Instructions for the task:
Output nothing but the lines from the one holding "65615786 :رقم المزاد" to the end of the listing. Reproduce them exactly, without the pictures.
---*---
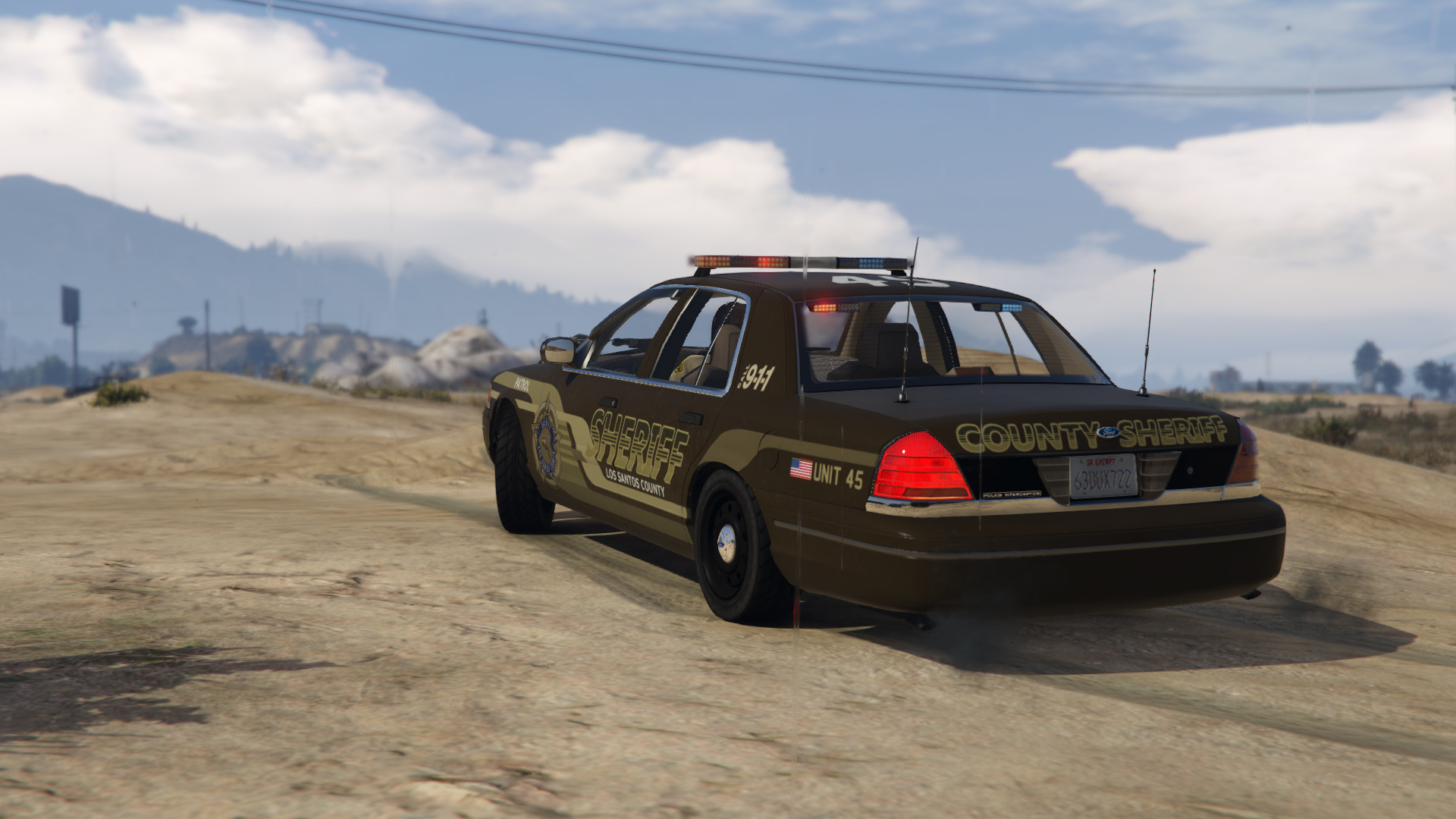 Sheriff S Ford Crown Vic Paintjob GTA Mods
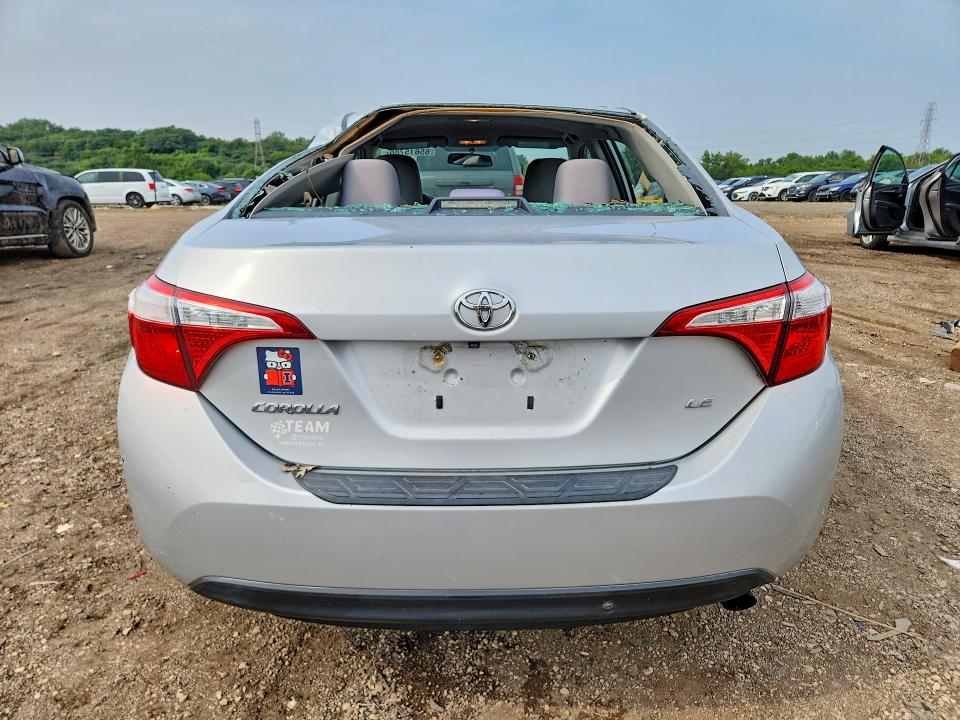 65615786 :رقم المزاد ، 5YFBURHE3EP128490 vin ، 2014 Toyota Corolla مزاد بيع
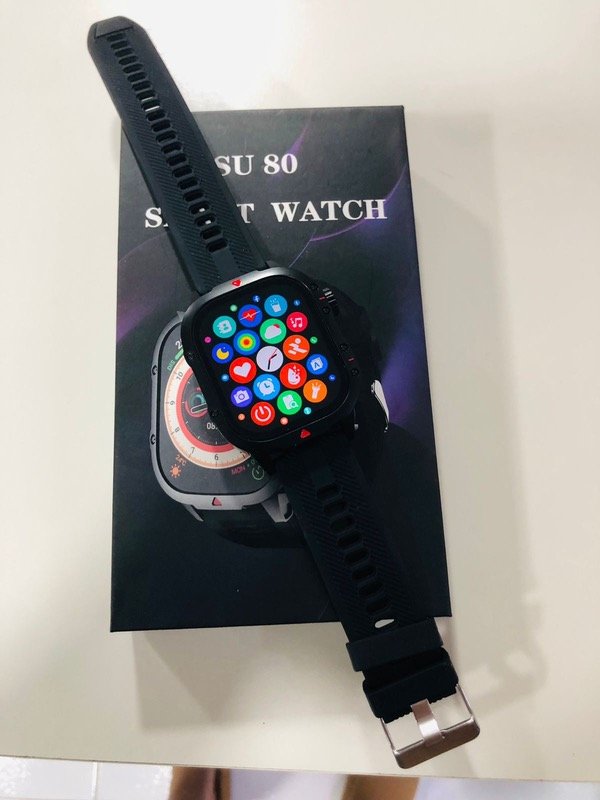 Producto - Reloj Smart Watch Su 80 Negro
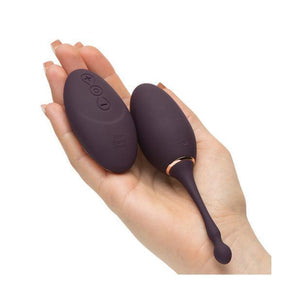 Fifty Shades Freed - I've Got You Rechargeable Remote Control Egg Massager (Grey) Wireless Remote Control Egg (Vibration) Rechargeable - CherryAffairs Singapore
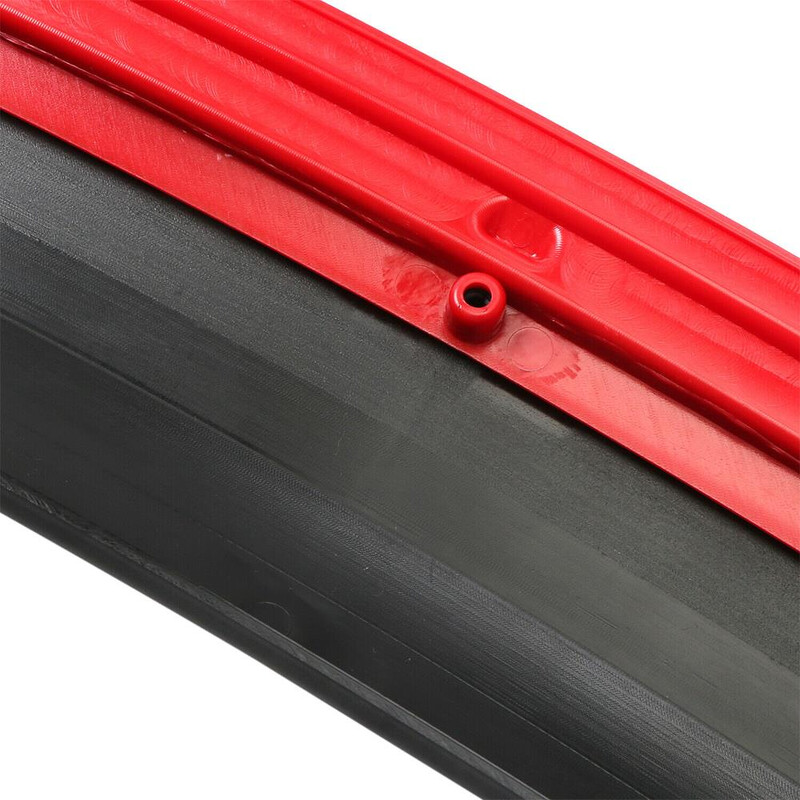 Honda Civic FD6 4 Parça Plastik Ön Lip 2006 2012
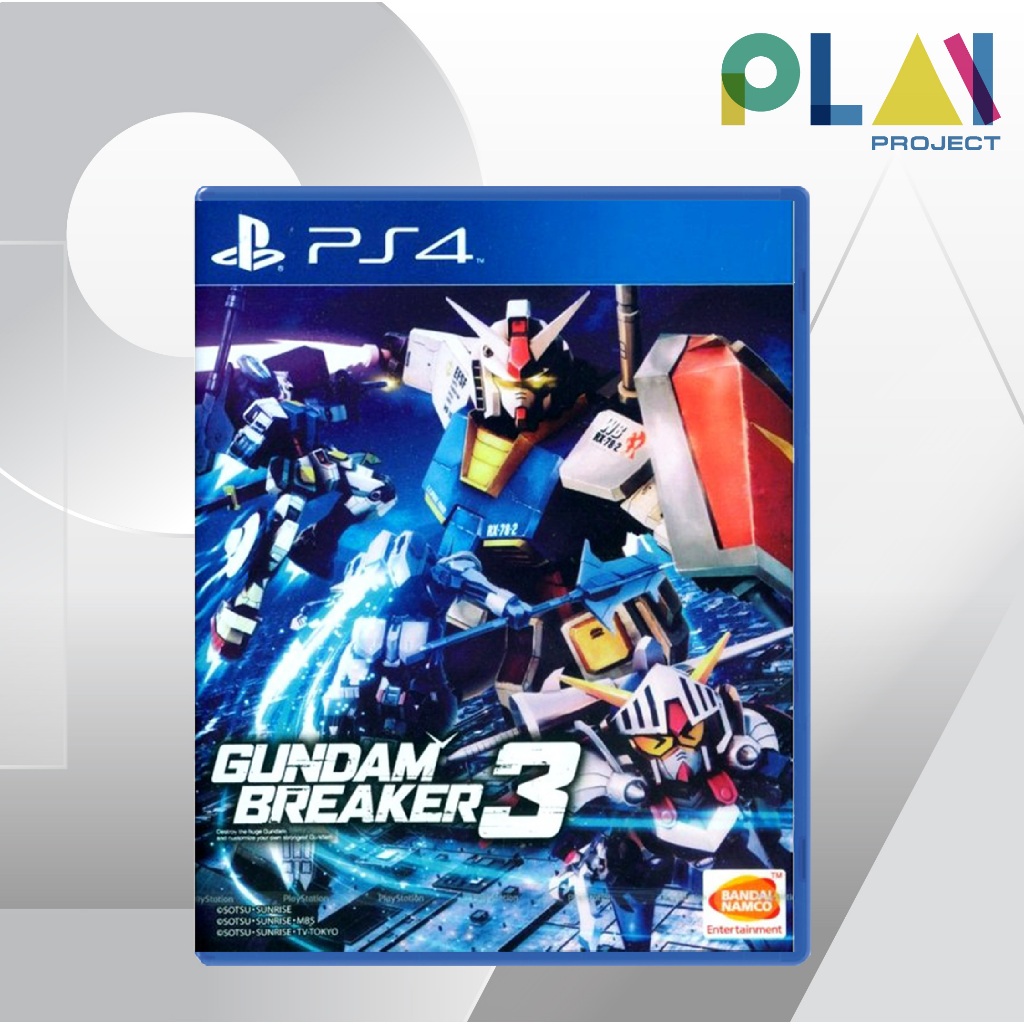 [PS4] [มือ1] Gundam Breaker 3 [PlayStation4] [เกมps4]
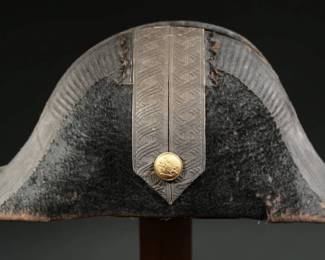 Austro-Hungarian Officer's Bicorne Hat by Hol?ek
---*---
Exercise result:
 65615786 :رقم المزاد ، 5YFBURHE3EP128490 vin ، 2014 Toyota Corolla مزاد بيع
 Producto - Reloj Smart Watch Su 80 Negro
 Fifty Shades Freed - I've Got You Rechargeable Remote Control Egg Massager (Grey) Wireless Remote Control Egg (Vibration) Rechargeable - CherryAffairs Singapore
 Honda Civic FD6 4 Parça Plastik Ön Lip 2006 2012
 [PS4] [มือ1] Gundam Breaker 3 [PlayStation4] [เกมps4]
 Austro-Hungarian Officer's Bicorne Hat by Hol?ek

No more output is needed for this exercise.